Table II. Quantitative polymerase chain reaction components.

Table II.

Quantitative polymerase chain reaction components.

Content	Volume (µl)	Concentration
cDNA	1	–
Forward primer	0.5	20 pmol/µl
Reverse primer	0.5	20 pmol/µl
2X Mix	12.5	1X
10X SYBR Green I	1	0.4X
ddH2O	9.5	–
Total volume	25	–

Western blotting

Total protein was extracted using radio-immunoprecipitation assay buffer supplemented with 1% protease inhibitor cocktail (Roche Diagnostics, Indianapolis, IN, USA). Phosphorylated protein was obtained using a phosphorylated protein extraction kit (Roche Diagnostics). Protein samples (40 µg) were separated by 12% sodium dodecyl sulfate-polyacrylamide gel electrophoresis and transferred onto polyvinylidene difluoride membranes. Membranes were blocked with 5% non-fat milk for 2 h, which was dissolved in 1% Tris-buffered saline with Tween 20 (TBS-T) buffer and incubated with primary antibodies against MMP-13 (sc-31811; 1:500; polyclonal goat IgG) and with monoclonal mouse IgG1 β-actin (sc-130301; 1:5,000; both Santa Cruz Biotechnology, Dallas, USA) as the internal reference.

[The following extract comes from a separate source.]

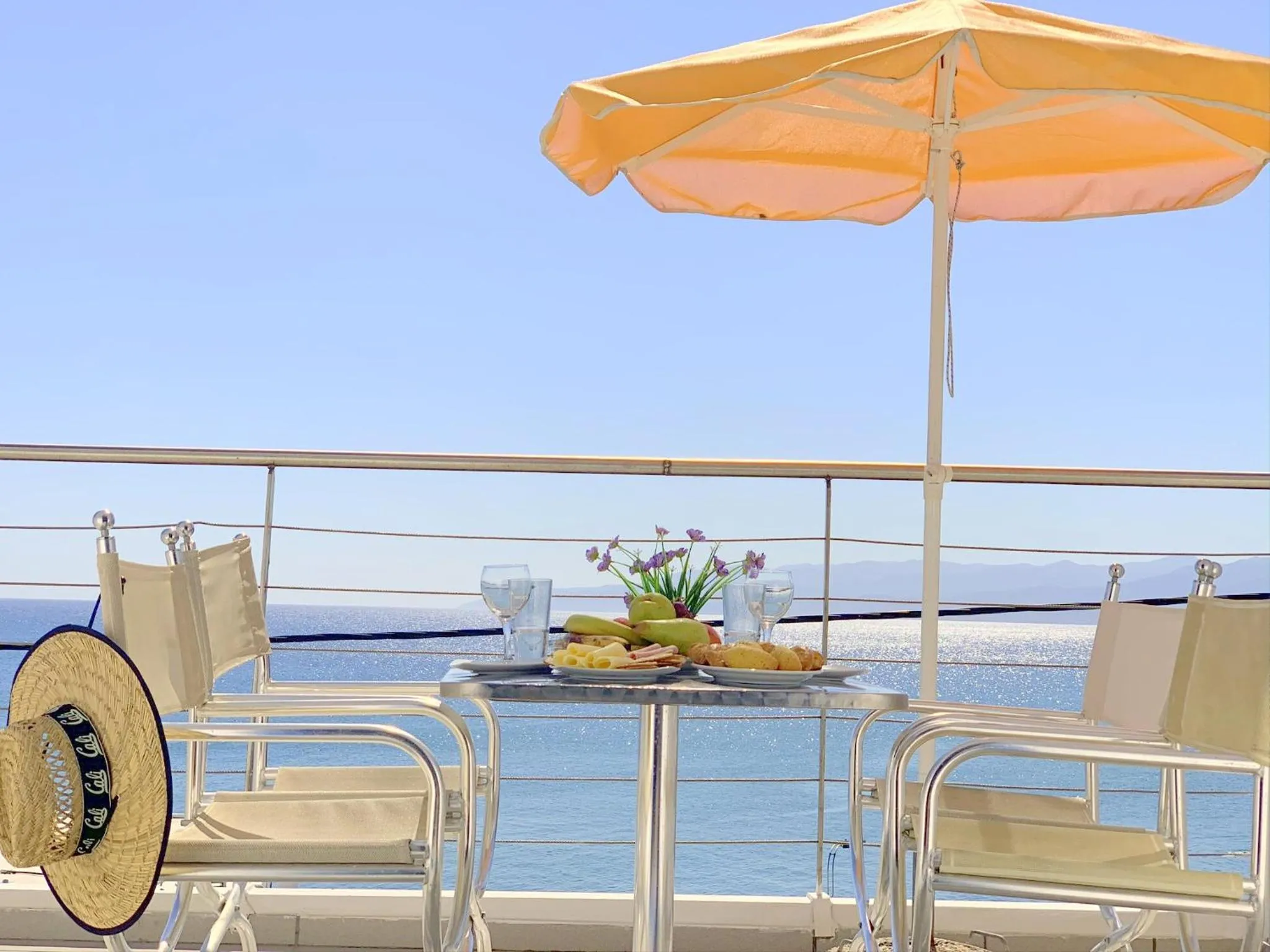 Balcony/Terrace in Kassavetis Center - Hotel Studios & Apartments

Both incubations were for 1 h. Membranes in the buffer were gently shaken at 4°C overnight, and then washed with 1% TBS-T for 3 min thrice, followed by incubation with the appropriate horseradish peroxidase-labeled secondary antibodies for 1 h at room temperature. Proteins were visualized using enhanced chemiluminescence reagent (Beyotime Institute of Biotechnology, Haimen, China). A ChemiDoc XRS+ (Bio-Rad Laboratories, Hercules, CA, USA) system was used to analyze the protein bands. Data from three independent experiments were obtained and calculated as the ratio of the gray value of MMP-13 protein divided by that of β-actin.

Statistical analysis

All data were expressed as the mean ± standard deviation. Statistical differences were evaluated using one-way analysis of variance and P<0.05 was considered to indicate a statistically significant difference.

Results

Effects of OPG and RANKL/OPG on SW1353 cell viability

The cytotoxic effect of OPG (200 ng/ml) and RANKL/OPG on SW1353 cells at various ratios (1:160, 1:80, 1:40, 1:20, 1:10, 1:5 and 1:2.5; OPG, 200 ng/ml; RANKL, 1.25–80 ng/ml) was assessed using an MTT assay. As shown in Fig. 1, cell viability values were consistently >70%, indicating that OPG and RANKL/OPG did not exhibit significant cytotoxic effects. The RANKL/OPG mixture at these ratios was used in the subsequent experiments.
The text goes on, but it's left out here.